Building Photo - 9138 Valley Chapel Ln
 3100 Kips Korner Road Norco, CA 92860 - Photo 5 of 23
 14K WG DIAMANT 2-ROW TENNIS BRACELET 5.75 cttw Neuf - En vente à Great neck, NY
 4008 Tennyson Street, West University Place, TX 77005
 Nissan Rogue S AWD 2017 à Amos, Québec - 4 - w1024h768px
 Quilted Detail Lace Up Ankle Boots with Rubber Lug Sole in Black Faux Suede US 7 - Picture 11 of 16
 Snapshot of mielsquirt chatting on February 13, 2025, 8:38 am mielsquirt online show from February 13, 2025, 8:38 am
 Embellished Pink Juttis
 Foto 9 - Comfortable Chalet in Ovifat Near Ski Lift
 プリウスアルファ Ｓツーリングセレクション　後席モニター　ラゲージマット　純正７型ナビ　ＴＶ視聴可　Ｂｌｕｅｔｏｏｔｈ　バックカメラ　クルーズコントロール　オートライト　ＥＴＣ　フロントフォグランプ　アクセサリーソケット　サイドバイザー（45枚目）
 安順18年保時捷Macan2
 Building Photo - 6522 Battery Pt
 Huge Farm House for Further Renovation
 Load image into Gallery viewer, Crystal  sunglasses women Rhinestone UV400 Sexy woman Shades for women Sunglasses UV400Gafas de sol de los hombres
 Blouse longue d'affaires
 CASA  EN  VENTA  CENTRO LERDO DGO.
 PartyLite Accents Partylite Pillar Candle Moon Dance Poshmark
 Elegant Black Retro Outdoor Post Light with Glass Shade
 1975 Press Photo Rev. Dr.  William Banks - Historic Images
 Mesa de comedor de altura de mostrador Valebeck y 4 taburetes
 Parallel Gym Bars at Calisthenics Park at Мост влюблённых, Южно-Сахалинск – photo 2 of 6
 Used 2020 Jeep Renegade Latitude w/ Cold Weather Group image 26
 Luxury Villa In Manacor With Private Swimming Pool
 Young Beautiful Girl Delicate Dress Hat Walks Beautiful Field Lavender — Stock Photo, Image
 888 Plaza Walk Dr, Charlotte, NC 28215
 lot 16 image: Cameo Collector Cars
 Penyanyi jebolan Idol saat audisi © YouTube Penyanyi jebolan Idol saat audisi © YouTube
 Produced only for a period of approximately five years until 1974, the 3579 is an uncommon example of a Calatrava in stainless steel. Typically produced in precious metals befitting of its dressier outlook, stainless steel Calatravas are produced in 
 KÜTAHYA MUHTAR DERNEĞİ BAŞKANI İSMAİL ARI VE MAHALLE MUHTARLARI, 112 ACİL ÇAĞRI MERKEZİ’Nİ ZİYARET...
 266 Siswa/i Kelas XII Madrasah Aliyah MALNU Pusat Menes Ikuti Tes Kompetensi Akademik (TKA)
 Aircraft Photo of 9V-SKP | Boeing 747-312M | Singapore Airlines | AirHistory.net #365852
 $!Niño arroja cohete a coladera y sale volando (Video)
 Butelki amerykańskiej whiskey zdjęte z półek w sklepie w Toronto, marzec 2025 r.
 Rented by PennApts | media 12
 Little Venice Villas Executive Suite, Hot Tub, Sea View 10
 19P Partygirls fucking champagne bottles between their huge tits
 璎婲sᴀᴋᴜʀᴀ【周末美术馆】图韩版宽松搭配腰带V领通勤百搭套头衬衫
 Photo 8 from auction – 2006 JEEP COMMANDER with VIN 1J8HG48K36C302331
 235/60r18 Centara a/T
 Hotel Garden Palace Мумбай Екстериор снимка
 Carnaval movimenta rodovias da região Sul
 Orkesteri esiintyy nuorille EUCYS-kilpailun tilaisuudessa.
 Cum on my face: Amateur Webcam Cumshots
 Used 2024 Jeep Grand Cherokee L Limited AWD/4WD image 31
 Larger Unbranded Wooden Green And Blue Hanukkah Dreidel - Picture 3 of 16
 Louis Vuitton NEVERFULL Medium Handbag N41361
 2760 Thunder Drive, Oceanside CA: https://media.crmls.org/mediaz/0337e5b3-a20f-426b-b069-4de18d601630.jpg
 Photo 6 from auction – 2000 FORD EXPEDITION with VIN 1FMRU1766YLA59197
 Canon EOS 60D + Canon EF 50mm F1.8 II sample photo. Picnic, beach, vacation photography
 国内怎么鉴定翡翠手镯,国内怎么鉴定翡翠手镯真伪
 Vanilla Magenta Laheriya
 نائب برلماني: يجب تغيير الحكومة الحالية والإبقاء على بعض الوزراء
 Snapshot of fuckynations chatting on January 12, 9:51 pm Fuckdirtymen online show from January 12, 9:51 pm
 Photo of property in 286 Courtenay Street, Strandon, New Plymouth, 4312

════════════════

Task goal -> From the first line to the last, copy the data exactly.

Solution to this exercise ->
Building Photo - 9138 Valley Chapel Ln
 3100 Kips Korner Road Norco, CA 92860 - Photo 5 of 23
 14K WG DIAMANT 2-ROW TENNIS BRACELET 5.75 cttw Neuf - En vente à Great neck, NY
 4008 Tennyson Street, West University Place, TX 77005
 Nissan Rogue S AWD 2017 à Amos, Québec - 4 - w1024h768px
 Quilted Detail Lace Up Ankle Boots with Rubber Lug Sole in Black Faux Suede US 7 - Picture 11 of 16
 Snapshot of mielsquirt chatting on February 13, 2025, 8:38 am mielsquirt online show from February 13, 2025, 8:38 am
 Embellished Pink Juttis
 Foto 9 - Comfortable Chalet in Ovifat Near Ski Lift
 プリウスアルファ Ｓツーリングセレクション　後席モニター　ラゲージマット　純正７型ナビ　ＴＶ視聴可　Ｂｌｕｅｔｏｏｔｈ　バックカメラ　クルーズコントロール　オートライト　ＥＴＣ　フロントフォグランプ　アクセサリーソケット　サイドバイザー（45枚目）
 安順18年保時捷Macan2
 Building Photo - 6522 Battery Pt
 Huge Farm House for Further Renovation
 Load image into Gallery viewer, Crystal  sunglasses women Rhinestone UV400 Sexy woman Shades for women Sunglasses UV400Gafas de sol de los hombres
 Blouse longue d'affaires
 CASA  EN  VENTA  CENTRO LERDO DGO.
 PartyLite Accents Partylite Pillar Candle Moon Dance Poshmark
 Elegant Black Retro Outdoor Post Light with Glass Shade
 1975 Press Photo Rev. Dr.  William Banks - Historic Images
 Mesa de comedor de altura de mostrador Valebeck y 4 taburetes
 Parallel Gym Bars at Calisthenics Park at Мост влюблённых, Южно-Сахалинск – photo 2 of 6
 Used 2020 Jeep Renegade Latitude w/ Cold Weather Group image 26
 Luxury Villa In Manacor With Private Swimming Pool
 Young Beautiful Girl Delicate Dress Hat Walks Beautiful Field Lavender — Stock Photo, Image
 888 Plaza Walk Dr, Charlotte, NC 28215
 lot 16 image: Cameo Collector Cars
 Penyanyi jebolan Idol saat audisi © YouTube Penyanyi jebolan Idol saat audisi © YouTube
 Produced only for a period of approximately five years until 1974, the 3579 is an uncommon example of a Calatrava in stainless steel. Typically produced in precious metals befitting of its dressier outlook, stainless steel Calatravas are produced in 
 KÜTAHYA MUHTAR DERNEĞİ BAŞKANI İSMAİL ARI VE MAHALLE MUHTARLARI, 112 ACİL ÇAĞRI MERKEZİ’Nİ ZİYARET...
 266 Siswa/i Kelas XII Madrasah Aliyah MALNU Pusat Menes Ikuti Tes Kompetensi Akademik (TKA)
 Aircraft Photo of 9V-SKP | Boeing 747-312M | Singapore Airlines | AirHistory.net #365852
 $!Niño arroja cohete a coladera y sale volando (Video)
 Butelki amerykańskiej whiskey zdjęte z półek w sklepie w Toronto, marzec 2025 r.
 Rented by PennApts | media 12
 Little Venice Villas Executive Suite, Hot Tub, Sea View 10
 19P Partygirls fucking champagne bottles between their huge tits
 璎婲sᴀᴋᴜʀᴀ【周末美术馆】图韩版宽松搭配腰带V领通勤百搭套头衬衫
 Photo 8 from auction – 2006 JEEP COMMANDER with VIN 1J8HG48K36C302331
 235/60r18 Centara a/T
 Hotel Garden Palace Мумбай Екстериор снимка
 Carnaval movimenta rodovias da região Sul
 Orkesteri esiintyy nuorille EUCYS-kilpailun tilaisuudessa.
 Cum on my face: Amateur Webcam Cumshots
 Used 2024 Jeep Grand Cherokee L Limited AWD/4WD image 31
 Larger Unbranded Wooden Green And Blue Hanukkah Dreidel - Picture 3 of 16
 Louis Vuitton NEVERFULL Medium Handbag N41361
 2760 Thunder Drive, Oceanside CA: https://media.crmls.org/mediaz/0337e5b3-a20f-426b-b069-4de18d601630.jpg
 Photo 6 from auction – 2000 FORD EXPEDITION with VIN 1FMRU1766YLA59197
 Canon EOS 60D + Canon EF 50mm F1.8 II sample photo. Picnic, beach, vacation photography
 国内怎么鉴定翡翠手镯,国内怎么鉴定翡翠手镯真伪
 Vanilla Magenta Laheriya
 نائب برلماني: يجب تغيير الحكومة الحالية والإبقاء على بعض الوزراء
 Snapshot of fuckynations chatting on January 12, 9:51 pm Fuckdirtymen online show from January 12, 9:51 pm
 Photo of property in 286 Courtenay Street, Strandon, New Plymouth, 4312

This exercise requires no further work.